Designed to process real-time streaming data. Streaming means unbounded data sets and continuous arrival. The streaming computation involves processing recent data, with less memory needs compare to big data processing, with low latency.

Stream storage uses append-only log semantic. Messages are immutables and could not be deleted in the stream.

Kinesis basic

kin

Three main different components are:

  • Kinesis Streams: low latency streaming ingest at scale. They offer patterns for data stream processing. It looks similar to Kafka, but MSK is the Kafka deployment.
  • Amazon Managed Service for Apache Flink: perform real-time analytics on streams using SQL. This Apache Flink as managed service.
  • Kinesis Firehose: load streams into S3, Redshift, ElasticSearch. No administration, auto scaling, serverless.

Kinesis Data Streams

It is a distributed data stream into Shards for parallel processing.

It uses a public endpoint and applications can authenticate using IAM role. Kinesis Data Streams is using a throughput provisioning model, a shard can inject 1 Mb/s or 1000 msg /s with an egress of 2Mb/s. Adding shards help to scale the throughput. A single shard supports up to 5 messages per second, so a unique consumer gets records every 200ms. Adding more consumers on the same shard, the propagation delay increases and throughput per consumer decreases. With 5 consumers, each receives 400kB max every second.
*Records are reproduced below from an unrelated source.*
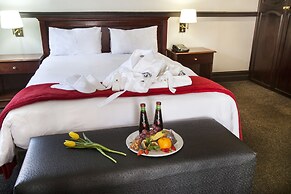 Court Classique Suite Hotel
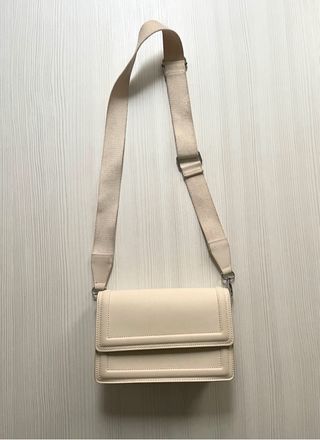 Bolso bandolera Stradivarius nude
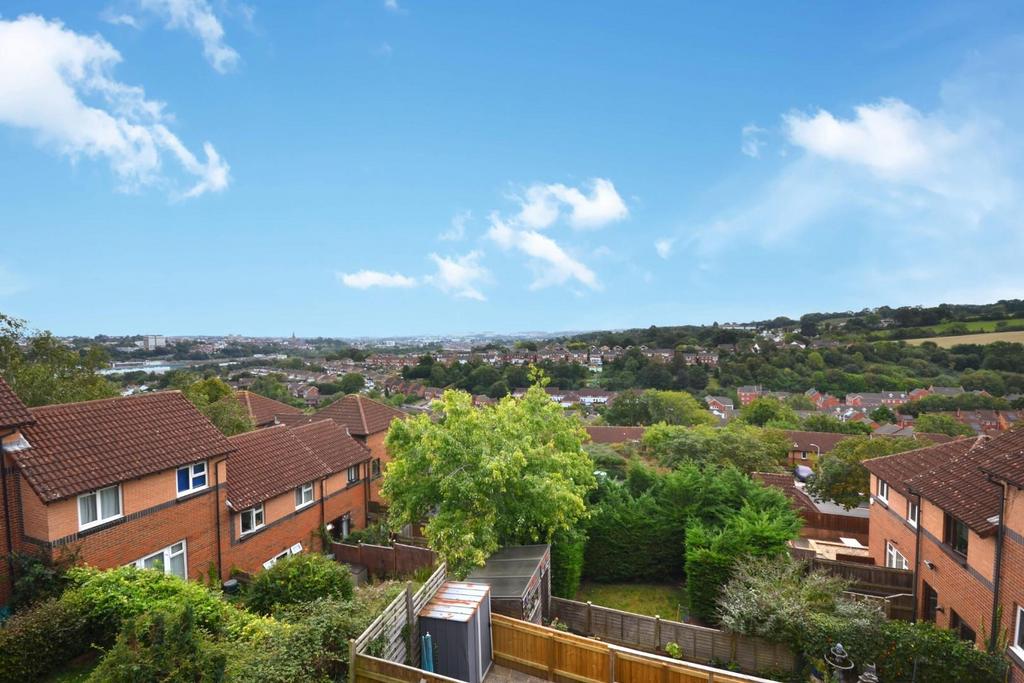 Farm Hill, Exeter 2 bed house for sale £150,000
Producer sends message with Partition Key. A sequence number is added to the message to note where the message is in the Shard.

  • Retention from 1 to 365 days.
  • Capable to replay the messages.
  • Immutable records, not deleted by applications.
  • Message in a shard, can share partition key, and keep ordering.
  • It is possible to support exactly-once delivery.
  • Producer can use SDK, or Kinesis Producer Library (KPL) or being a Kinesis agent.
  • Kinesis Agent is a stand-alone Java app that offers an easy way to collect and send data to KDS, as it monitors a set of files. It runs on RHEL, or Amazon Linux 2.
  • Consumer may use SDK and Kinesis Client Library (KCL), or being one of the managed services like: Lambda, Kinesis Data Firehose, Managed Service for Apache Flink.
  • For consuming side, each Shard gets 2MB/s out.
  • If consumer fails on one record in a batch, the entire batch (and thus the shard) is blocked until either the message processes successfully or the retention period for the data records in the batch expires.
  • It uses enhanced fan-out if we have multiple consumers retrieving data from a stream in parallel. This throughput automatically scales with the number of shards in a stream.
  • Pricing is per Shard provisioned per hour.
  • The capacity limits of a Kinesis data stream are defined by the number of shards within the data stream. The limits can be exceeded by either data throughput or the number of reading data calls. Each shard allows for 1 MB/s incoming data and 2 MB/s outgoing data. We should increase the number of shards within our data stream to provide enough capacity.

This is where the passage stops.